VK_KHR_acceleration_structure - Vulkan Specification / Reference - Describes the BLAS/TLAS two-level model, build/update commands, and the API-level separation of bottom-level and top-level acceleration structures used in modern engines.

DirectX Raytracing (DXR) Functional Spec / D3D12 Raytracing Acceleration Structure Types (Microsoft) - Official description of TLAS/BLAS, incremental updates, and build semantics for DXR.

Intel® Embree — High Performance Ray Tracing - Production-grade BVH implementations and builder options (Morton/Morton+SAH/SAH), memory-layout and traversal optimizations; useful reference for node layouts, builder trade-offs, and real-world performance guidance.

Bandwidth-Efficient BVH Layout for Incremental Hardware Traversal (Liktor & Vaidyanathan, HPG 2016) - Proposes memory layouts and node addressing schemes that reduce memory bandwidth for hardware traversal through quantization and compact addressing.

Restart Trail for Stackless BVH Traversal (Samuli Laine, HPG 2010) - Describes the restart-trail algorithm for stackless BVH traversal, which reduces stack memory and memory traffic for traversal implementations.

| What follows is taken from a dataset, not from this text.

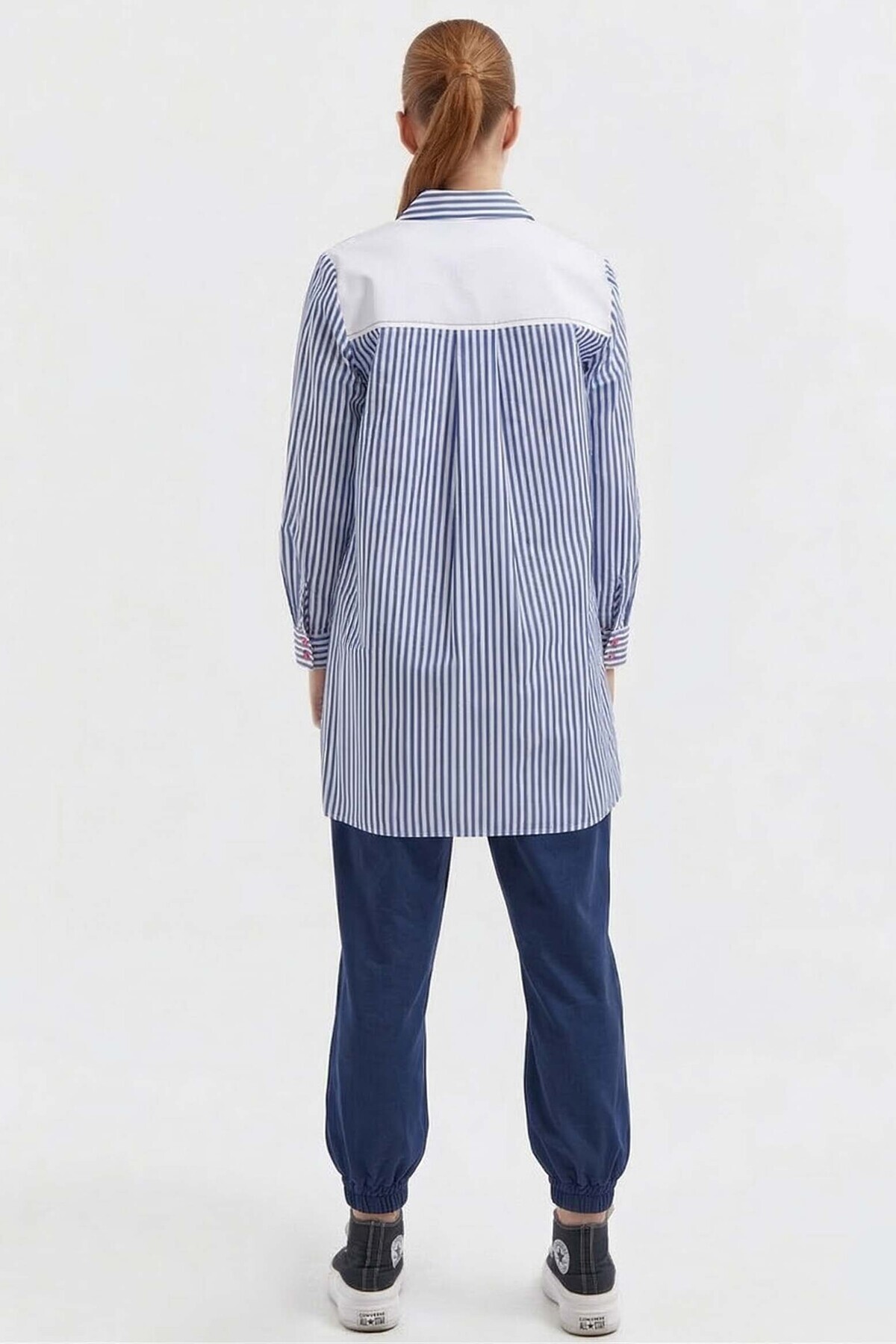 Kayra  Kadın Beyaz Çizgili Gömlek - Mavi Beyaz - Görsel 2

Strong engineering final note: treat the BVH as a tuning knob that you measure against the concrete runtime workload — choose LBVH for aggressive rebuild budget, HLBVH for dynamic-but-quality-sensitive cases, and SAH for static high-quality scenes; lay out nodes to minimize bandwidth and divergence, and instrument continuously so your choices are driven by rays-per-second under real workload rather than by theoretic purity.